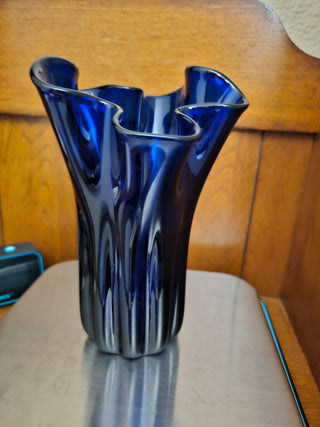 Hand Blown Cobalt Vase|76557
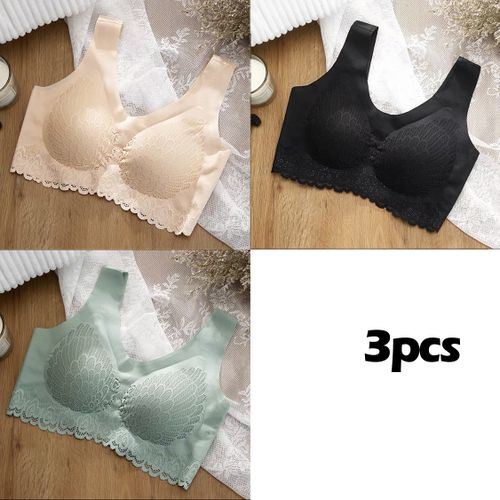 Shop Generic 3PCS/lot Latex Plus size Latex Bra Seamless Bras For Women  Underwear BH -11 Online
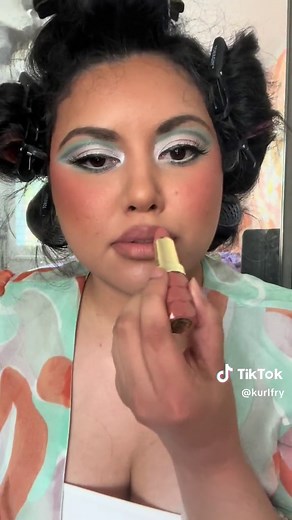 70’s inspired makeup tutorial❤️‍🔥 disco era🕺🏾 💖 #makeuptutorial #discomakeup #70saesthetic #70smakeup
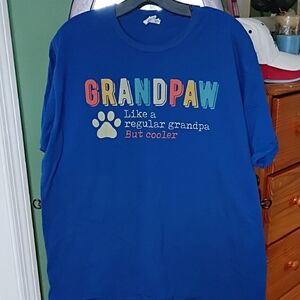 SOLD❌Blue Grandpaw Graphic T-Shirt Xl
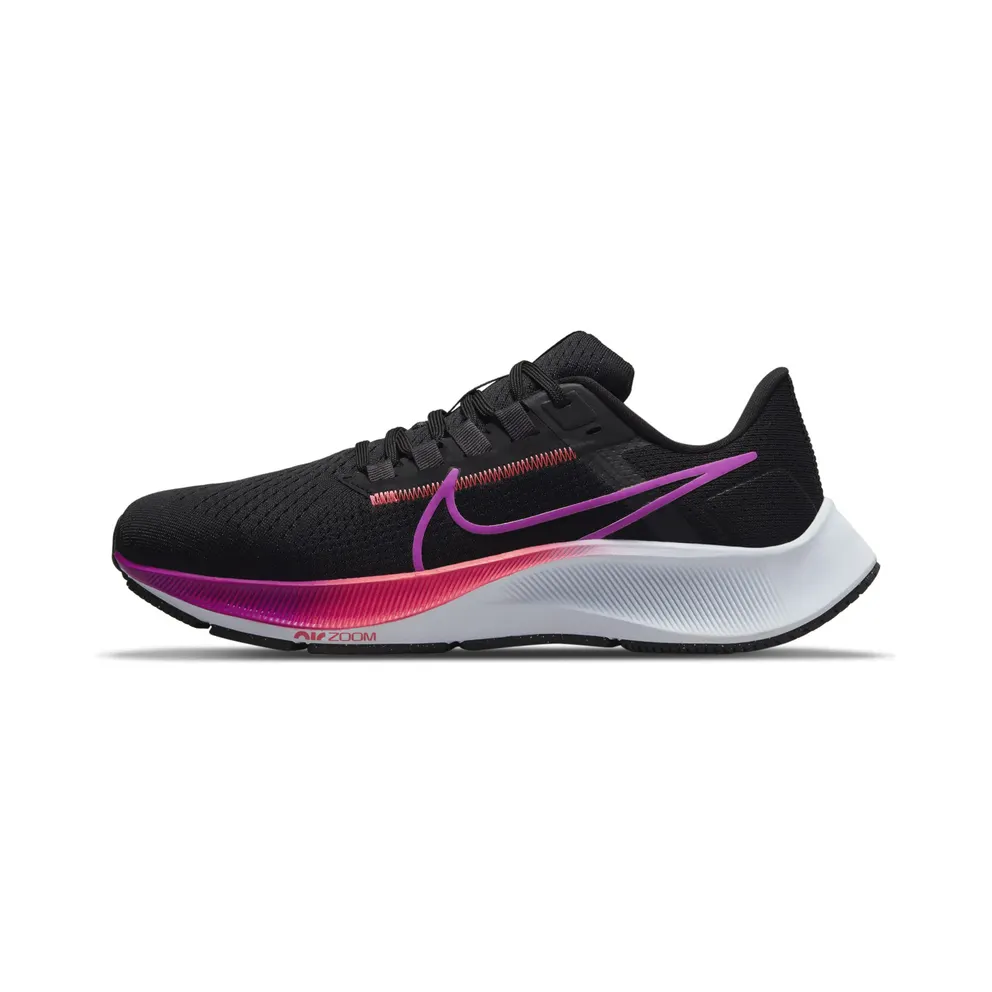 Nike Air Zoom Pegasus 38 (straat) “Black / Off-Noir / Flash Crimson / Hyper Violet” (CW7358-011)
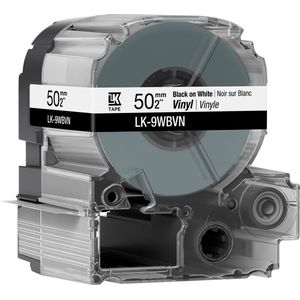 Epson LK-9WBVN tape zwart op wit 50 mm (origineel)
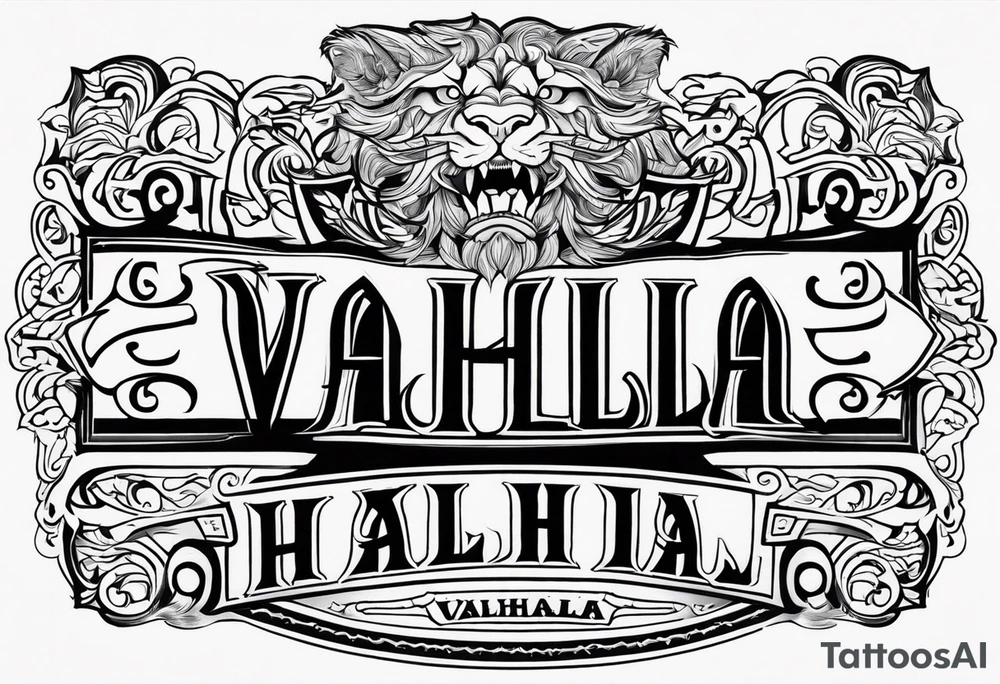 Valhalla tattoo idea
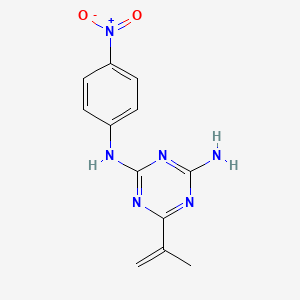 N~2~-(4-Nitrophenyl)-6-(prop-1-en-2-yl)-1,3,5-triazine-2,4-diamine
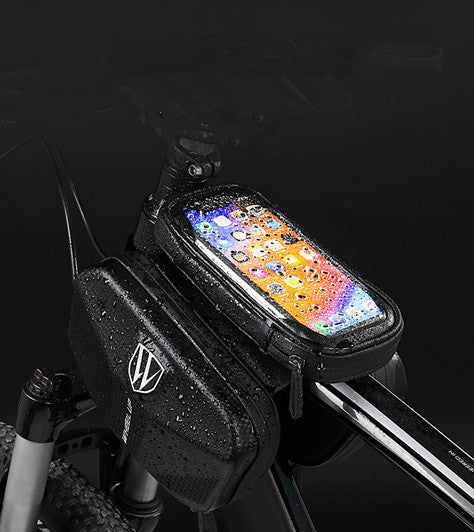 EVA hard shell water repellent bicycle beam bag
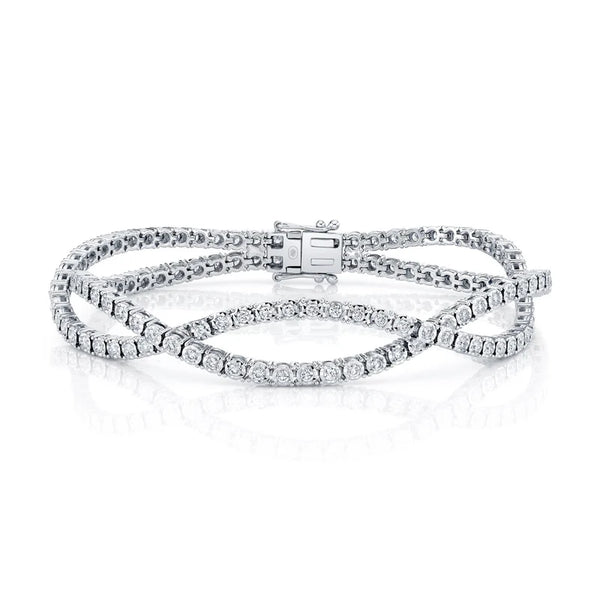 14K GOLD DIAMOND SASHA BRACELET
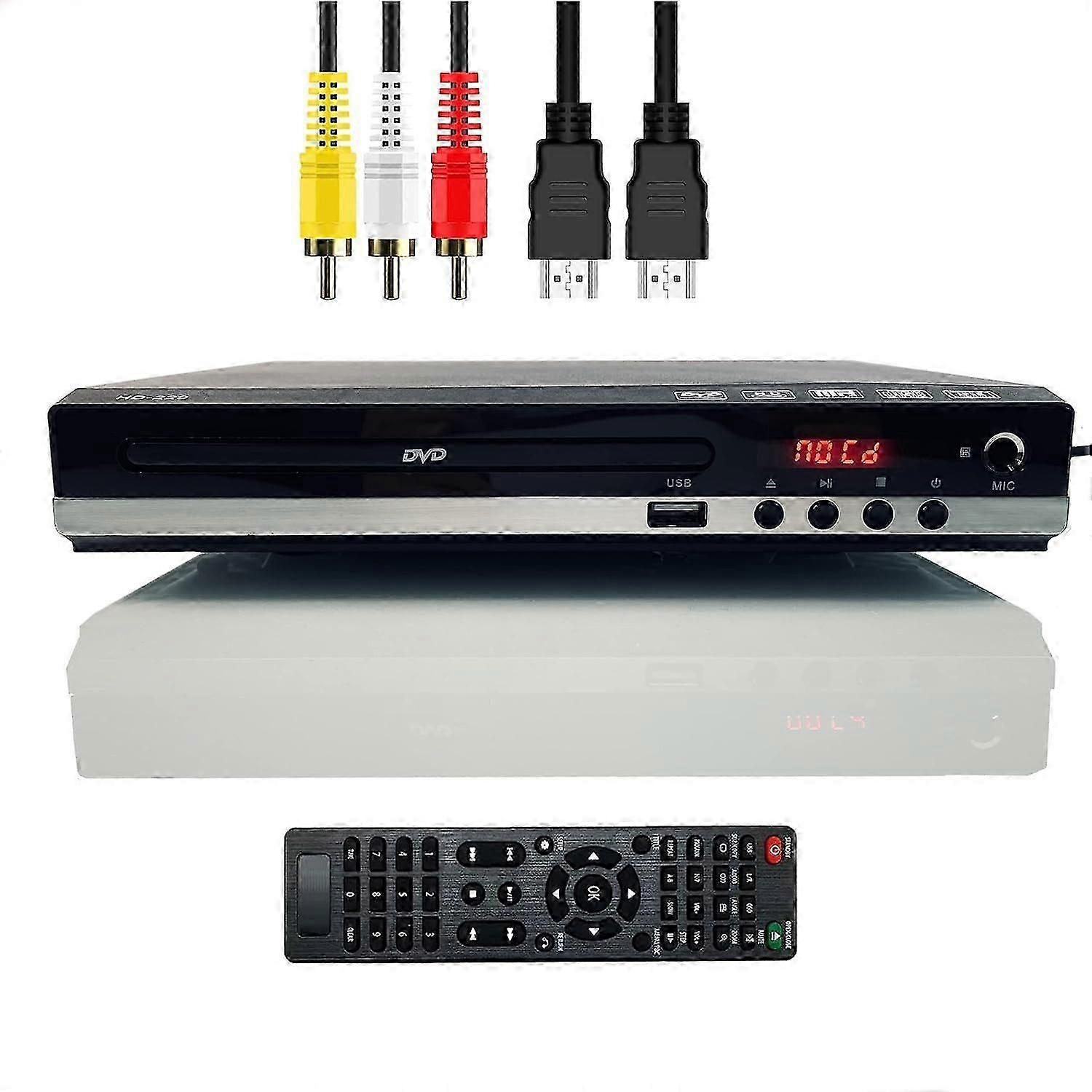 1080P HDMI DVD player for Smart TV, supports Full HD resolution and enhanced viewing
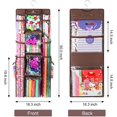thumbnail image 2 of Double Face Organisateur d'Emballage Cadeau Suspendu Grand Sac de Rangement pour Rouleaux de Papier d'Emballage 16” x 41” Solution d'Organisation de Sac Cadeau de Placard Résistante et Gain de Place Fermetures Éclair Robustes (Marron) Marron, 2 of 7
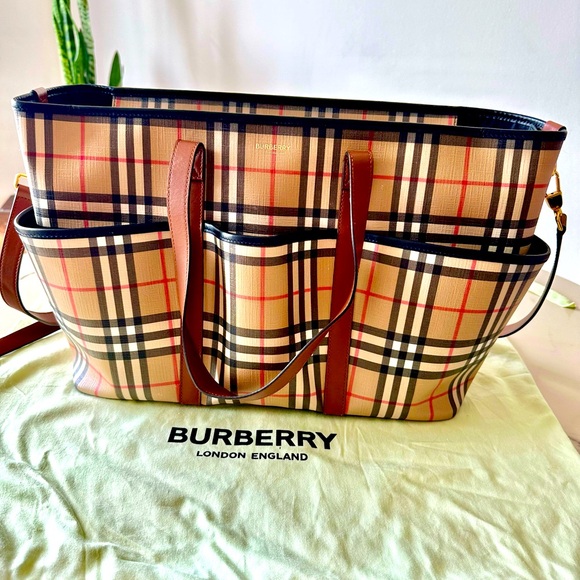 Burberry Vintage Check Diaper Bag - Picture 1 of 7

------------------------------------------------------------

An exact copy is needed of the lines running from the one containing "70’s inspired makeup" through the last line of the material, and of no others; pictures stay out.

**REPLY**.
 70’s inspired makeup tutorial❤️‍🔥 disco era🕺🏾 💖 #makeuptutorial #discomakeup #70saesthetic #70smakeup
 SOLD❌Blue Grandpaw Graphic T-Shirt Xl
 Nike Air Zoom Pegasus 38 (straat) “Black / Off-Noir / Flash Crimson / Hyper Violet” (CW7358-011)
 Epson LK-9WBVN tape zwart op wit 50 mm (origineel)
 Valhalla tattoo idea
 N~2~-(4-Nitrophenyl)-6-(prop-1-en-2-yl)-1,3,5-triazine-2,4-diamine
 EVA hard shell water repellent bicycle beam bag
 14K GOLD DIAMOND SASHA BRACELET
 1080P HDMI DVD player for Smart TV, supports Full HD resolution and enhanced viewing
thumbnail image 2 of Double Face Organisateur d'Emballage Cadeau Suspendu Grand Sac de Rangement pour Rouleaux de Papier d'Emballage 16” x 41” Solution d'Organisation de Sac Cadeau de Placard Résistante et Gain de Place Fermetures Éclair Robustes (Marron) Marron, 2 of 7
 Burberry Vintage Check Diaper Bag - Picture 1 of 7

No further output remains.